Les seules vraies questions qu’ils doivent maintenant se poser sont :
– le prochain dollar, devrait-on le dédié à ce projet ?
– à partir de maintenant, quelle est la bonne chose à faire ?
Comment faire pour se retirer plus aisément?
il est possible de structurer sa démarche de telle sorte qu’on ne se laissera pas embourber dans un projet qui perd de son sens. Celle-ci doit à la fois contenir des points de contrôle à différents moments charnières, et rapidement trouver des solutions aux plus importantes embûches qu’on s’attend à rencontrer.
1. Prévoir des marqueurs dans le temps
Qu’il s’agisse d’indicateurs financiers ou des événements bien précis, identifier ces points de contrôle en amont facilite la prise de décision au moment convenu. Par exemple, si après dix mois d’investissement dans ce produit nous cumulons à peine dix ventes, nous devrons nous retirer.

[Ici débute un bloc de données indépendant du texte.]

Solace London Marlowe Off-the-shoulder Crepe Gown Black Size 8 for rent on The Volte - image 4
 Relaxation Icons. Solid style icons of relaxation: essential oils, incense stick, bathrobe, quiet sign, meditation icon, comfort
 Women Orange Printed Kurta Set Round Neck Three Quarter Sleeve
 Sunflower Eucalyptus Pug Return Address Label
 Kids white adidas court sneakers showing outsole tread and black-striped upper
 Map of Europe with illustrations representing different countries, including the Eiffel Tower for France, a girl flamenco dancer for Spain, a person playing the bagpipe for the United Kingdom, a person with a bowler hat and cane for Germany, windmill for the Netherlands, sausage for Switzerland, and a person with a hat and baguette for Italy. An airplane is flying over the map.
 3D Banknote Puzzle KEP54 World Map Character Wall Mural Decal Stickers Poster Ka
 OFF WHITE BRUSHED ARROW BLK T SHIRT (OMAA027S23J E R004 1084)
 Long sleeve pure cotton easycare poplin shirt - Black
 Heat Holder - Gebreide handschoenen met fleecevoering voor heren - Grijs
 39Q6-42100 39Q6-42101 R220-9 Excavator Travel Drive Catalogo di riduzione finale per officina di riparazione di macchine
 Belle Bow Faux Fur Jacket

2. S’attaquer aux grands inconnus en premier
Annie Buke, une ancienne joueuse de poker professionnelle, explique ce principe avec brio en citant l’approche de Google. Imaginons que votre projet consiste à apprendre à un singe à jongler avec des bâtons enflammés sur un podium, par quelle facette du mandat commencerez-vous ?
Souvent, dans nos entreprises, nous entamons les démarches par les gains les plus faciles (low hanging fruits). Dans l’analogie, il est question ici du podium. Le hic, c’est qu’on n’apprendra rien en le construisant, puisqu’on sait déjà comment le faire.
Ce que nous ne savons pas, en revanche, c’est si nous parviendrons à enseigner au singe à jongler.
Commencer un projet par la plus grande inconnue, l’élément pour lequel on se pose le plus de questions, permet de rapidement décider si le projet est porteur (ou non) et de se retirer promptement.
On évite ainsi de dépenses temps et argent sur quelque chose dont on ne disposa pas de toutes les cartes.
Et si le projet est déjà commencé ?
Dominic et son équipe n’ont pas appliqué les deux principes expliqués ci-haut. Cela ne les condamne pas pour autant à demeurer accrochés à ce projet qui n’est plus porteur.
Il n’est jamais trop tard pour revenir aux sources, s’interroger sur ses motifs originaux et porter un regard objectif sur la situation actuelle. Lorsque l’heure des grandes questions sonne, plus nous sommes conscients des biais cognitifs qui s’opèrent et brouillent notre jugement, plus nous pouvons contrôler leur importance dans la prise de décision.
Je réitère: il n’y a rien de mal à abandonner un projet.
Il n’est pas pertinent d’argumenter que si on arrête maintenant, tous les efforts déployés auront été faits en vain. En tant qu’équipe, savoir se retirer au bon moment inspire le respect (et non pas la honte).